Sixth, the response of the majority of the public to the two scandals
In the case of the tabloid behaviour, there was considerable, widespread anger for a year or so. Then the majority of the press regained the narrative – managed to conflate the freedom of the press to break the law without a reasonable justification with freedom of the press per se – and smeared the characters of some of the leaders of Hacked Off. The anger has now died down, though its causes remain.
In the case of Assange, he has been largely successfully monstered by the majority of the press.
As a result, the wrong journalist is mistrusted, and the wrong journalists walk free.
In the case of Assange, who was revealing information of major importance, the way that the narrative of his alleged wrongdoing has dwarfed the narrative of proven, major wrongdoing that he provided, is astonishing. In both cases similar dynamics seem to have been in play.
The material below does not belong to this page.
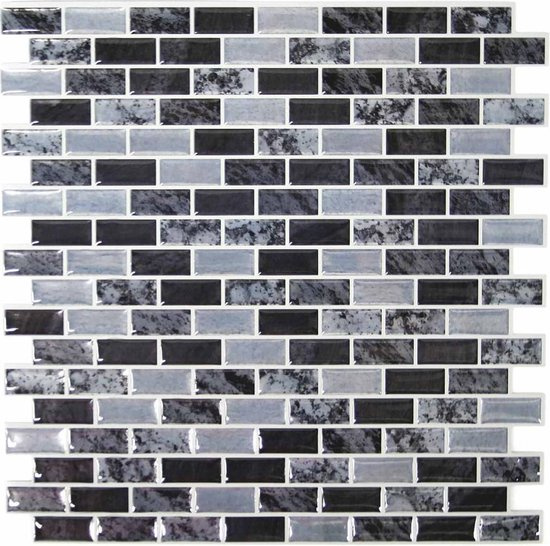 RoomMates StickTiles Marble 27 x 27 cm PVC čierna/sivá 4 kusy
My day job is teaching literature, and I’m well aware that it’s a peculiarity of humans to crave narratives. Most of us are interested in the lives of real or fictional individuals in a way that we are not in systems or abstractions. The thousands of lives illegally destroyed in Iraq and Afghanistan, as Assange helped to reveal, seem to many to be abstractions, whereas Assange’s alleged criminality is a story that can be followed. The countless journalists who help to corrupt our national life, and the media-political complex are, again, abstractions.
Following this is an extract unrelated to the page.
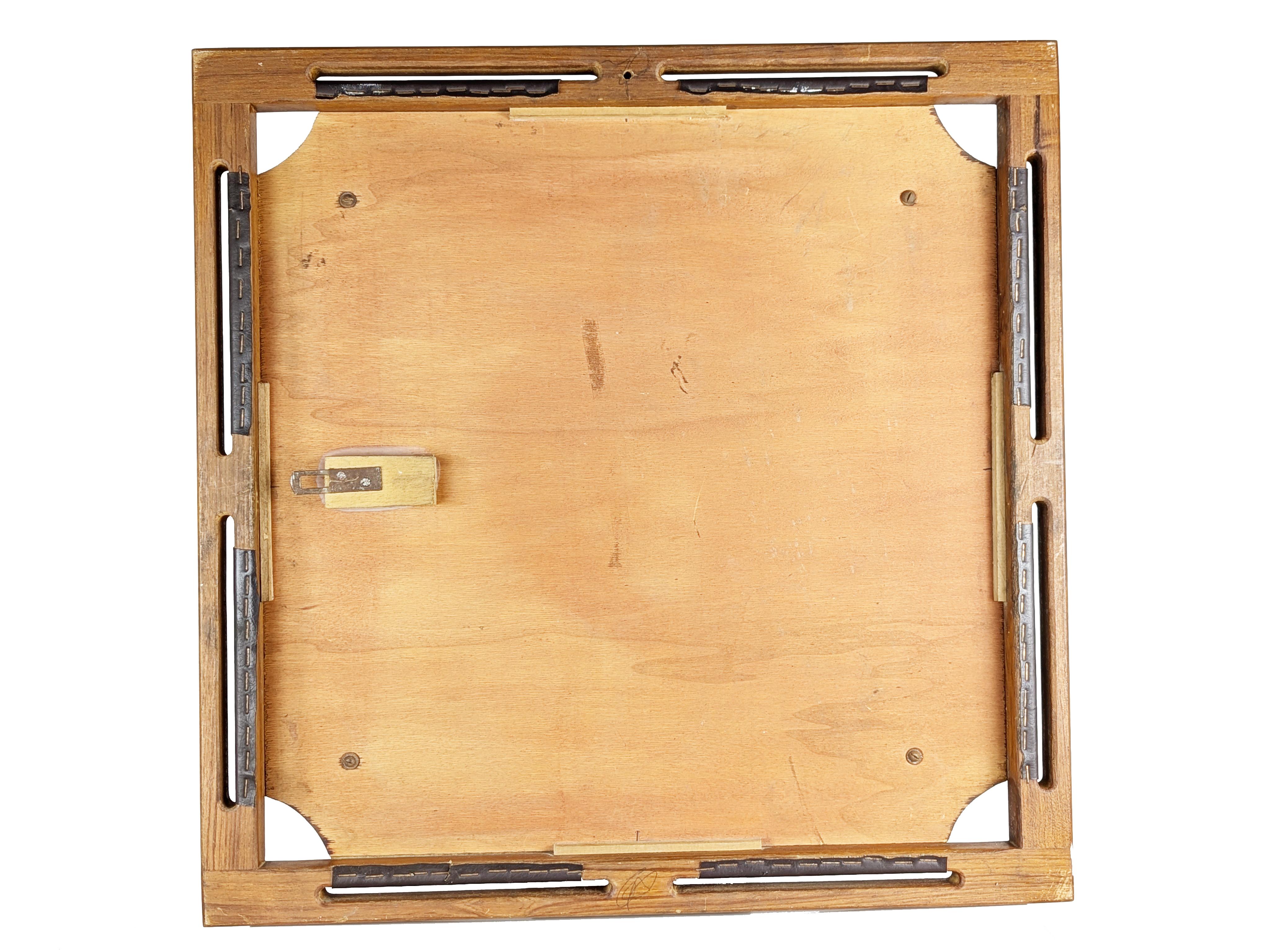 Italian teakwood & black skai 1960s wall mirror For Sale 5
Who leaked the Labour report into the handling of anti-Semitism claims, or the US-UK trade documents, has the appeal of a whodunnit; a history of Labour internal sabotage, or a future of increasing animal cruelty and falling food standards, doesn’t.
There is also in both cases a sense of passivity and fatality – that of course Rupert Murdoch has influence over British politicians, that of course American soldiers commit war crimes, and of course modern technology gives the NSA and GCHQ scrutiny over our lives beyond the wildest dreams of the Stasi – but people like Assange, and Manning, and Snowden, may or may not get away with revealing these latter crimes, therefore there is something to follow. And thus our interest is successfully deflected from the largest scale onto the individual scale. There’s a good side to this. The details of individual lives should be followed, and amongst other things that’s what we’re here today to do for Assange. But for those following the stories without a grasp of the real abstract principles involved, the hero can be cast as a villain, whose suffering – as is true of all fictional villains – doesn’t matter.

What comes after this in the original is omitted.